David Clark was speaking to lending professionals at the annual conference of the Financial Services Federation (FSF) in Auckland.
The FSF is a professional body representing over 60 non-bank lenders such as finance companies.
Speaking to his audience, Clark said the CCCFA was intended to protect vulnerable borrowers and “lenders, budget advisers and the Government were all on the same page” about this.
When the new CCCFA regulations were first passed, the industry complained of being smothered in expensive paperwork, of being forced to follow pedantic rules and being required to block credit to perfectly solvent people.
Within two months of passage of the bill, the Government was forced to review it and its impact was then softened in two tranches of reform.
That process was defended by Clark at the conference.
“I am confident that we have now hit a sweet spot,” he said.
“Overall, (the changes) aim to address ease of access to credit and reduce unnecessary enquiries, while maintaining a strong level of consumer protection.”
Clark said while the CCCFA rules had had an impact on home lending, other factors did as well, such as LVR restrictions and higher interest rates. In addition, financial mentors were now better able to report irresponsible lending and there had been an increase in referrals to the Money Talks helpline.
And there had been another benefit, Clark said.
“Lenders are further refining their processes and consumers are becoming more familiar with the new requirements.
“This can be seen through lending complaints to the banking ombudsman falling 21%.”
But Clark's comments got little support from his own host at the conference.
Lyn McMorran heads the FSF and said the changes to the CCCFA rules had not fixed the problem and the new regulations were entirely unnecessary.
“We would like to go back to the way it was, to be honest,” she said.
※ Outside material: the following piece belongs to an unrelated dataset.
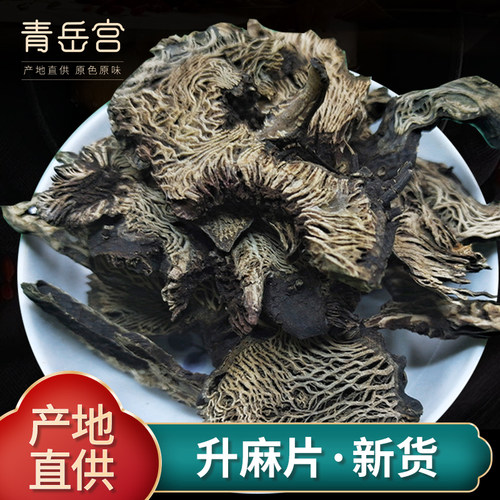 原色原味好货新鲜干净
“We never thought there was anything wrong with the principles-based approach of the law as it was and they didn't need changing, they didn't need a whole lot of prescriptive regulation around them to ensure responsible lending.”
McMorran said she supported some aspects of the law, such as defining high-cost lending and restricting professional fees.
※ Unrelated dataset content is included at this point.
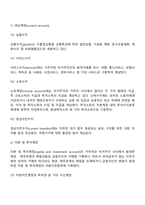 국제수지-4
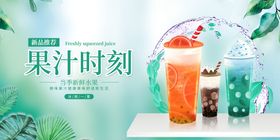 奶茶果汁咖啡冰镇咖啡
“Other than that we didn't think there needed to be much more done.”
The “tweaks” made to the law by Clark had not gone far enough, McMorran said. And even if consumer spending such as avocado on toast was no longer added to the list of a would-be borrower's expenses, lenders still had to ask questions about it.
“We would like to see the regulations repealed, that is what we have asked for all the way through,” McMorran said.